PROBLEM REQUIREMENTS: Copy each line below exactly as it appears. Pictures are to be omitted.

┌──

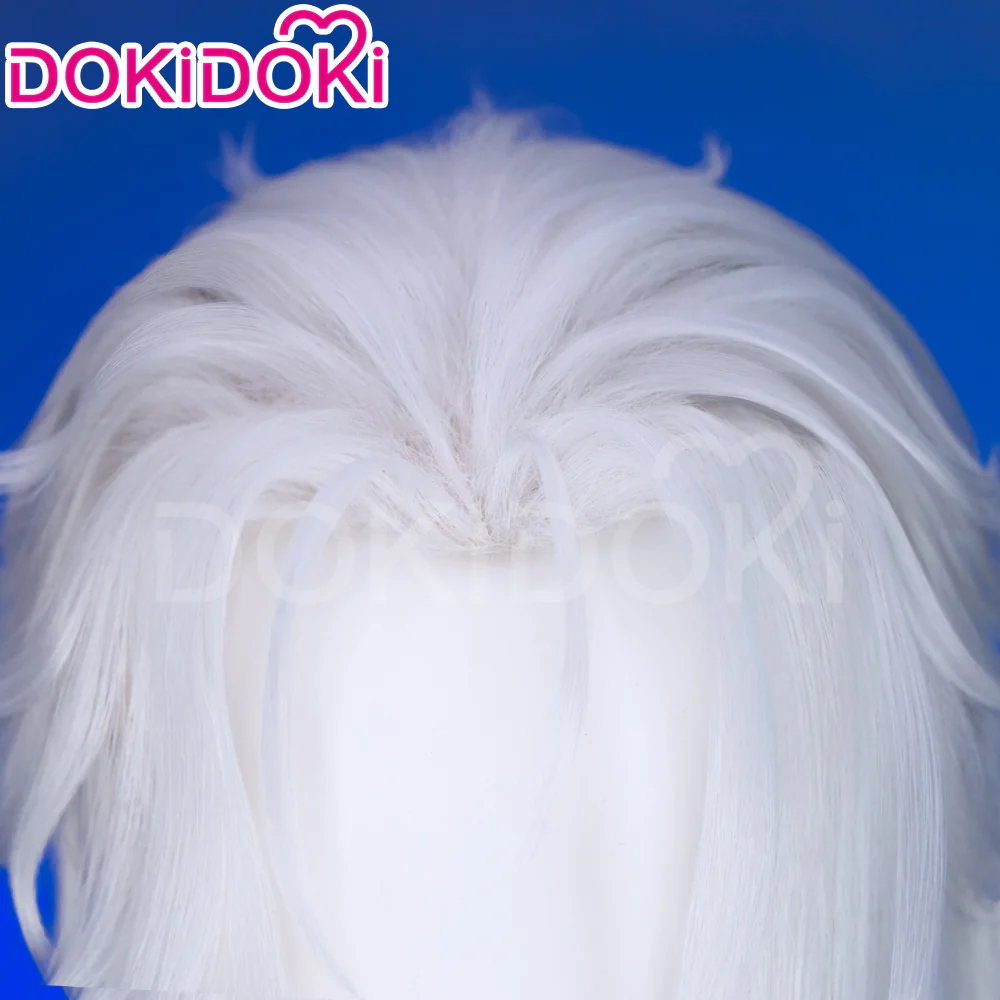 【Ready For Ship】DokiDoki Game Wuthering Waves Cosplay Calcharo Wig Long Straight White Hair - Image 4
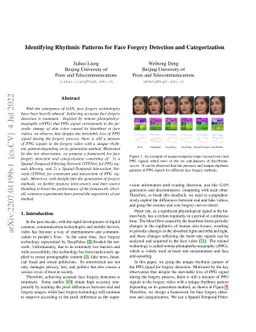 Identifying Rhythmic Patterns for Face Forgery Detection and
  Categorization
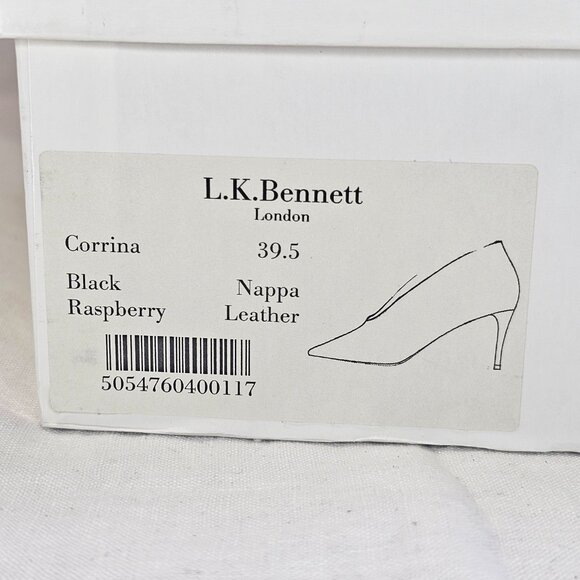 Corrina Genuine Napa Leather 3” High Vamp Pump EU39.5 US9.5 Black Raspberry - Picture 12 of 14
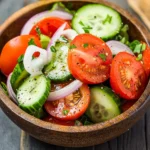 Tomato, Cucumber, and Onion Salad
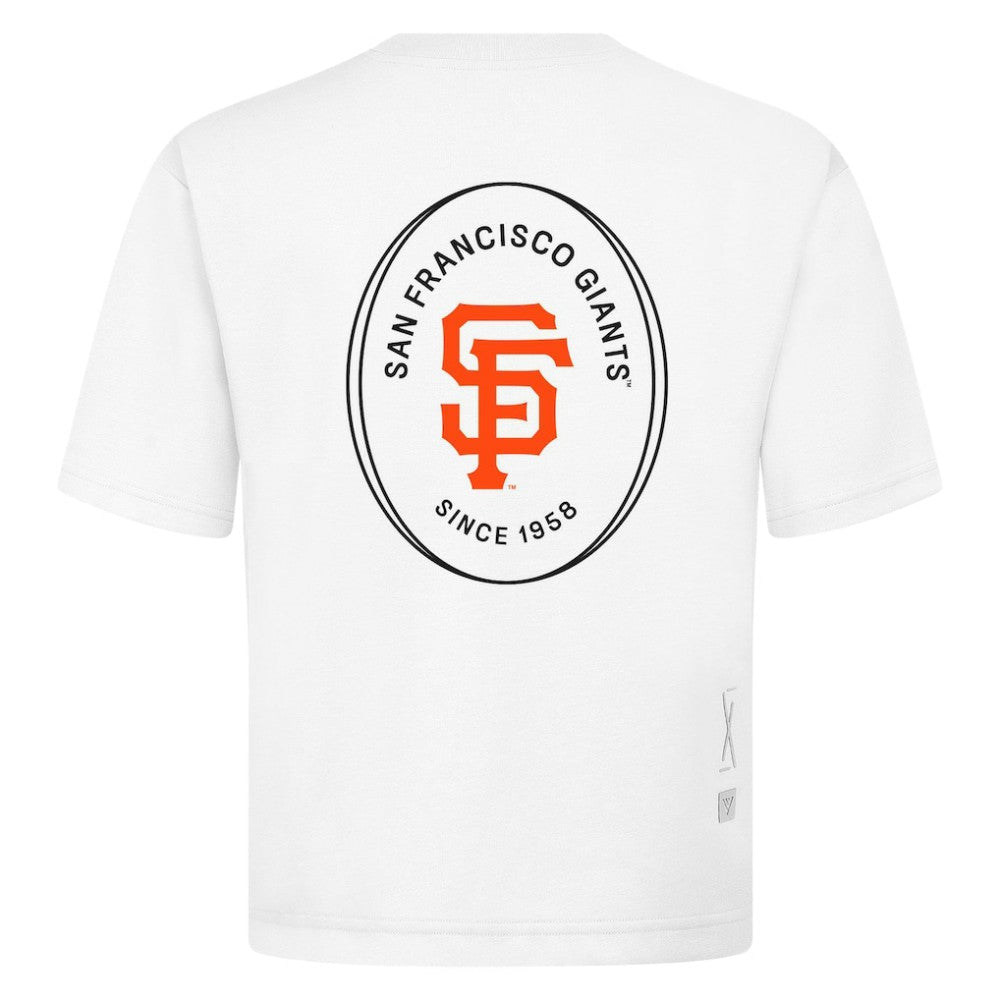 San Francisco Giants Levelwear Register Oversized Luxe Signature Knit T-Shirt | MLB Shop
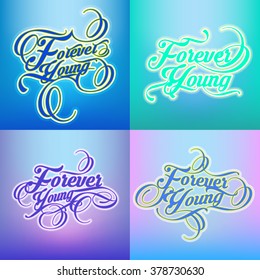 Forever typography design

└──

OUTPUT:
 【Ready For Ship】DokiDoki Game Wuthering Waves Cosplay Calcharo Wig Long Straight White Hair - Image 4
 Identifying Rhythmic Patterns for Face Forgery Detection and
  Categorization
 Corrina Genuine Napa Leather 3” High Vamp Pump EU39.5 US9.5 Black Raspberry - Picture 12 of 14
 Tomato, Cucumber, and Onion Salad
 San Francisco Giants Levelwear Register Oversized Luxe Signature Knit T-Shirt | MLB Shop
 Forever typography design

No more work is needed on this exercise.